Brothers I am excited to announce that I have received a positive review in this issue of the Scottish Rite Journal.

http://scottishrite.org/journal/september-october-2011/book-reviews-something-old-something-new/


----------



## Brent Heilman (Sep 6, 2011)

Congrats Brother! I have got to get a copy soon. I have a whole list of books I want to read and I believe you are about to moved to the top of the list.


----------



## Frater Cliff Porter (Sep 6, 2011)

Thank you Brother...let me know if you want a signed copy and we can hook you up


----------



## Brent Heilman (Sep 6, 2011)

I will certainly do that. I will PM you.


----------



## dnewman3 (Sep 8, 2011)

Bro. CLIFF..thank you so much for signed copies....i read it in one day.  My senior warden read it fast as well......Thanks again for your efforts.

~Dave Newman
Victoria #40


----------



## Frater Cliff Porter (Sep 12, 2011)

Thank you Brother for the kind words and speedy payment.  It is appreciated.


----------



## Frater Cliff Porter (Sep 25, 2011)

Brothers if you PM'd me here and gave me your address and I sent you books, I think the Brotherly thing to do is pay for those books.  We are Brothers.....


----------



## KFerguson84 (Sep 26, 2011)

Frater Cliff Porter said:
			
		

> Brothers if you PM'd me here and gave me your address and I sent you books, I think the Brotherly thing to do is pay for those books.  We are Brothers.....

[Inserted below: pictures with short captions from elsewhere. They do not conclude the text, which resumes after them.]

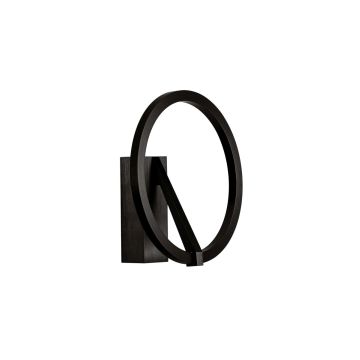 Luces Exclusivas ZUDANEZ LE44775 Wandleuchte 1x10W/led 2700-3000-4000k IP20 457lm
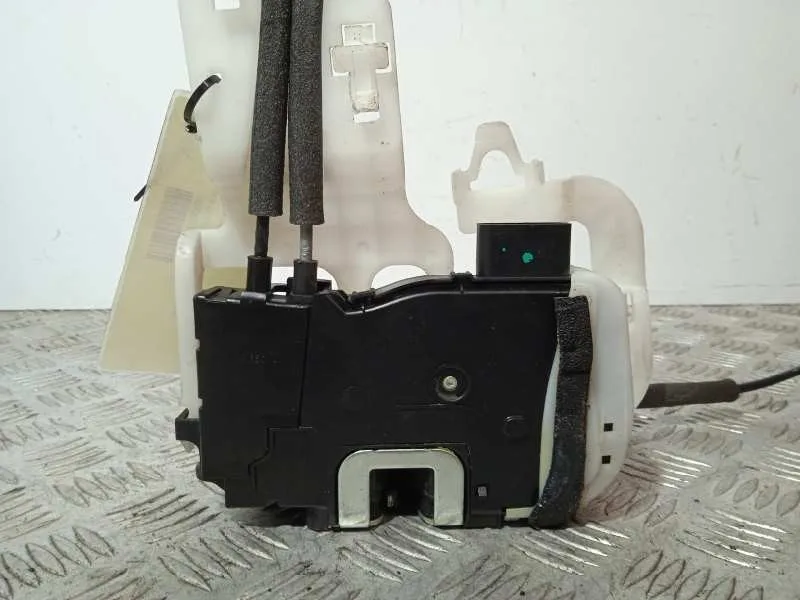 Cerradura Puerta Delantera Derecha para Hyundai Ix35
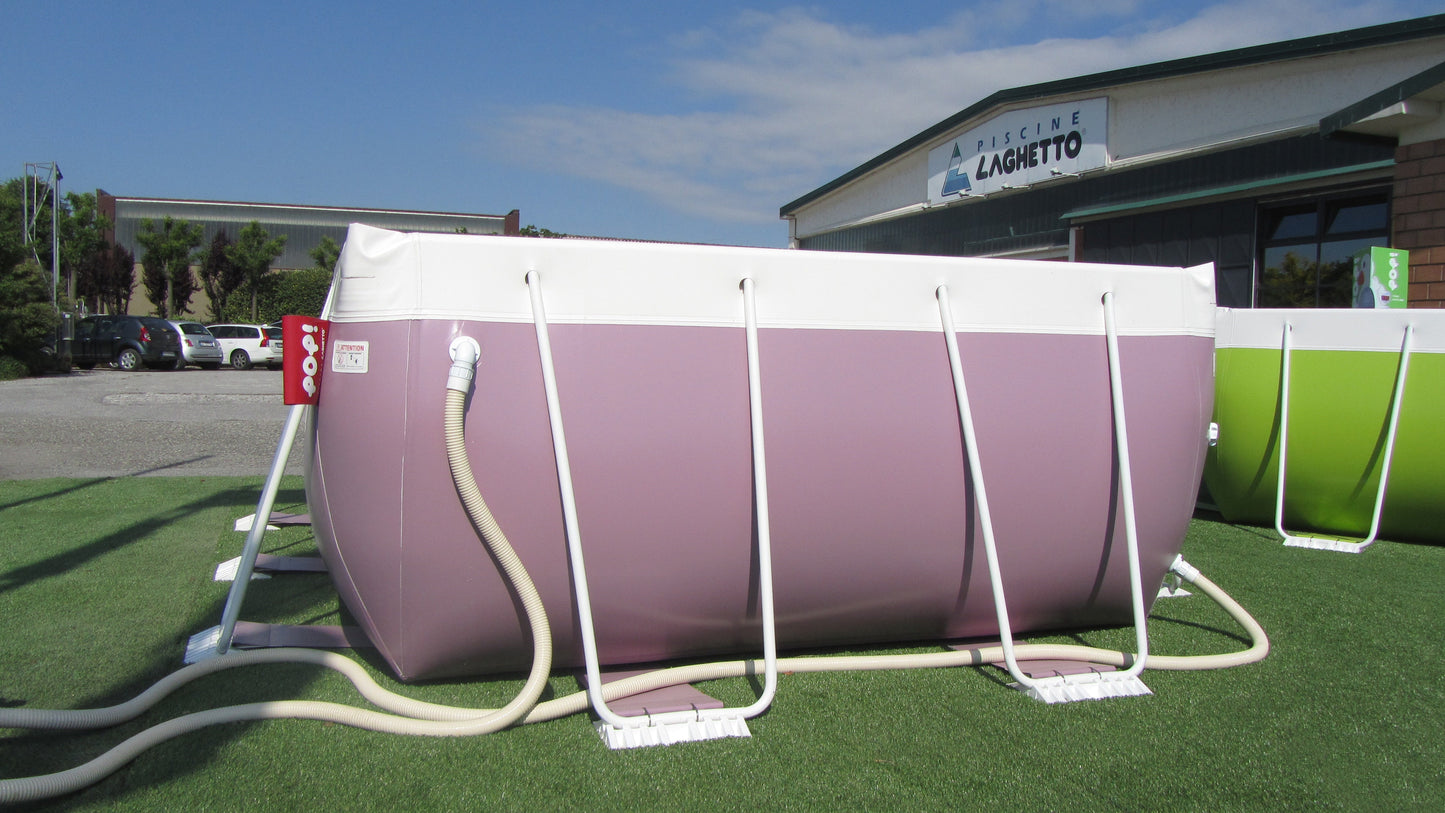 Aufstellpool POP! 46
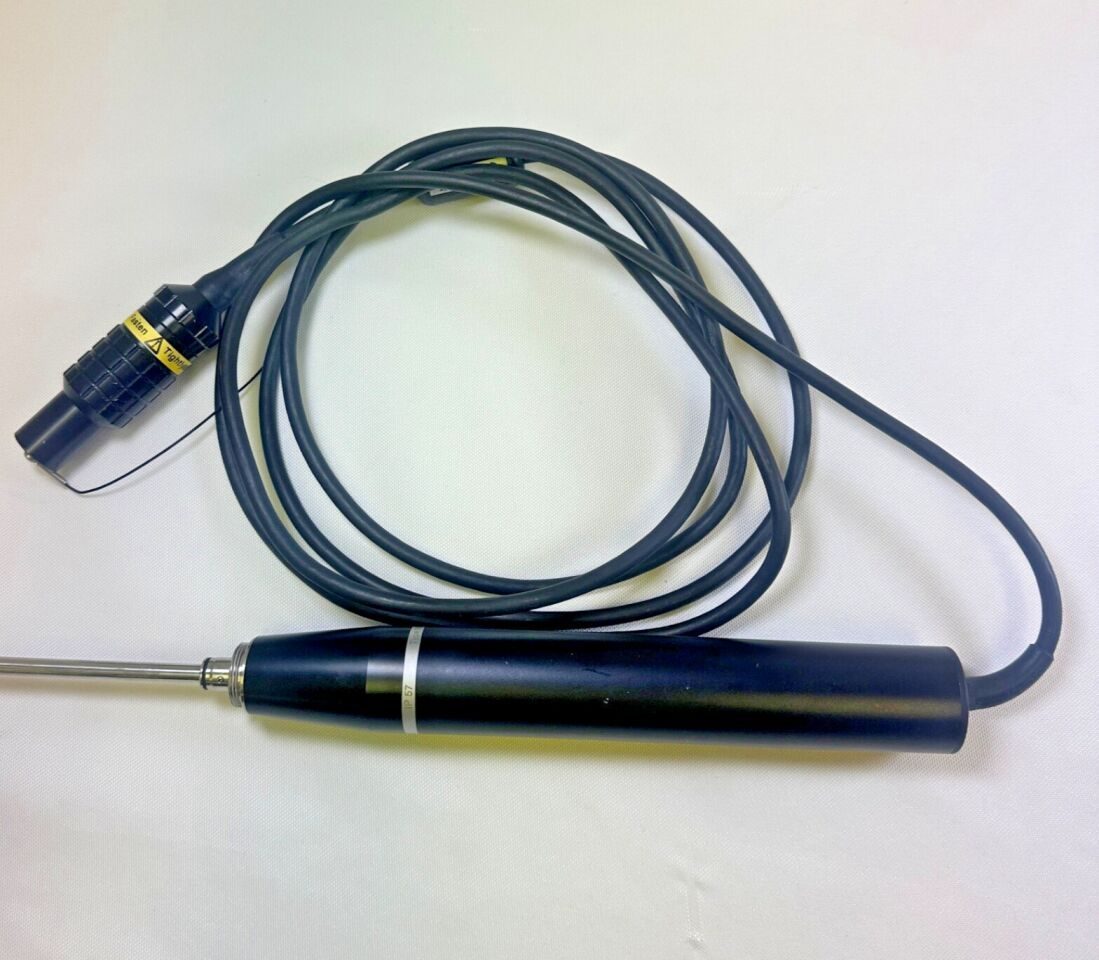 BK MEDICAL IP 57 Type 1850 Ultrasound Transducer — photo 2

Agreed! The Worshipful Brother was nice enough to mail you a signed copy of a work that he poured his heart and soul into. It's only right he is compensated for his hard work and his trust in mailing out the books before he received payment. 

I have the book and enjoyed it so much I would pay him again!


----------



## jwhoff (Sep 26, 2011)

Ditto!


----------